Потом он дёрнул узду, лошадь пошла, забирая на сторону, так что правым боком она смяла понурую толпу султанских слуг, и тогда каан несколько раз наотмашь хлестанул плетью по головам мудрецов, евнухов, акробатов, наложниц, старух. С отвращением плюнул и бросил на ходу, удаляясь:
– Всех перебить.
6
Их ждали с севера, а они появились сразу по всей линии горизонта и встали, залитые терпкой лавой заходящего солнца. На своих маленьких мохнатых лошадях они казались детьми.

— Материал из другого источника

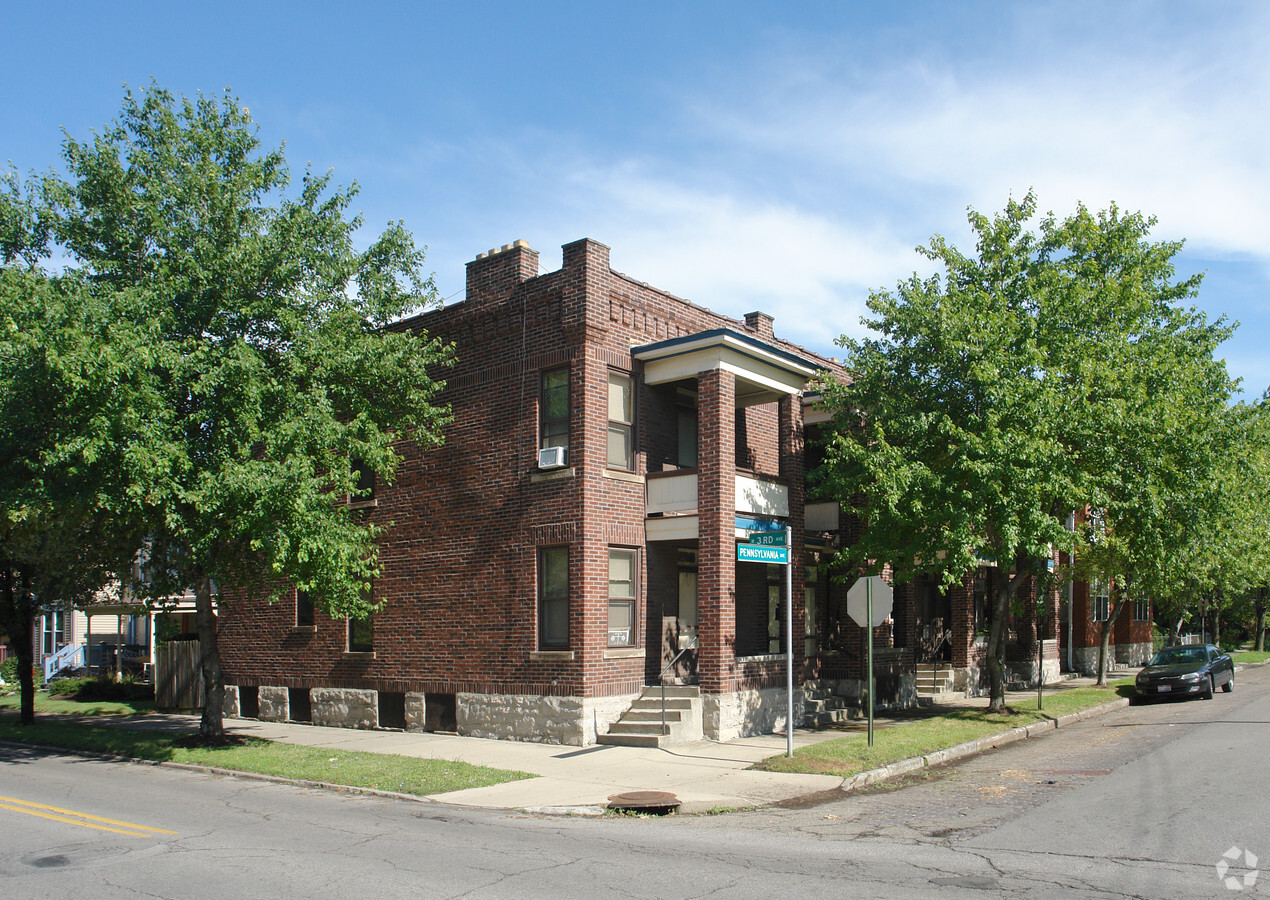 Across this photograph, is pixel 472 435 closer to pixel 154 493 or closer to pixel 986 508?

И пока ополченцы бегали по крепостным стенам, пытаясь выстроить силы в определённом многодневной муштрой порядке, пока лихорадочно разводили огонь под чанами, загодя наполненными маслом, звали оставшихся снаружи жителей, прежде чем наглухо закрыть ворота, и собирали по всему городу растерянных командиров, пока придумывали способ, как доложить о прибывшем враге закрывшемуся на женской половине хану, монголы так и не двигались с места и лишь смотрели на город издали, будто на глаз оценивали прочность его обороны. Когда же Кучулук-хан, полупьяный, выскочил наконец из своего гарема в съехавшей набок чалме, с кинжалом, мотавшимся на шее, они уже стали лагерем и разводили костры, зажав в кулак богохранимый город Халадж-кала.
Ночь город не спал. Еще вчера всё было живо и пёстро, как халат узбека: из дворцов и лачуг текла томная музыка, глотатели огня и канатоходцы собирали толпы на площадях, воздух сотрясался от призывных воплей лавочников, и муэдзины своими пронзительными криками с минаретов властно отмеряли часы, делая жизнь человека правильной и понятной; люди доили коз, резали птицу, пили раскалённый чай в чайханах и закусывали свежими лепёшками из пресной муки с чёрным тмином. Пышущие влажным паром бани облегчали груз забот в своих кирпичных ваннах и на горячем, выложенном разноцветными плитами полу. А в богатых домах, густо обкуренных изысканными гуридскими ароматами, жаркое обладание прибывшими со всего света юными невольницами перемежалось с меланхоличными беседами мужчин за обильным ужином, приправленным запретными финиковыми и виноградными винами, а также простым, как полено, араком.
Удивительно, но до последнего часа в городе не прекращался угарный, хмельной, непрерывный праздник без смысла и внятного повода. Дважды в день устраивались публичные казни, жестокостью поражающие воображение, борцы состязались на площадях, в тёмных закоулках женщины предавались любовным утехам, по улицам расхаживали циркачи на высоченных ходулях, гремели танцы, а вино наливали вместо чая прямо на глазах у слуг кади, призванных блюсти законы шариата.
Из всех щелей повылазили больные и убогие; скрючившись, сидели на виду по стенам, в пыли, в ослином навозе, дышали воздухом, даже не просили ничего; развлекали, чем умели, прохожих, тянули к ним гниющие ноги, руки, показывали язвы, кривлялись; иные в дыры ввалившихся носов просовывали языки и шевелили ими, забавляясь; иные пели, размахивали руками, хохотали, разговаривали с собой, живые среди живых.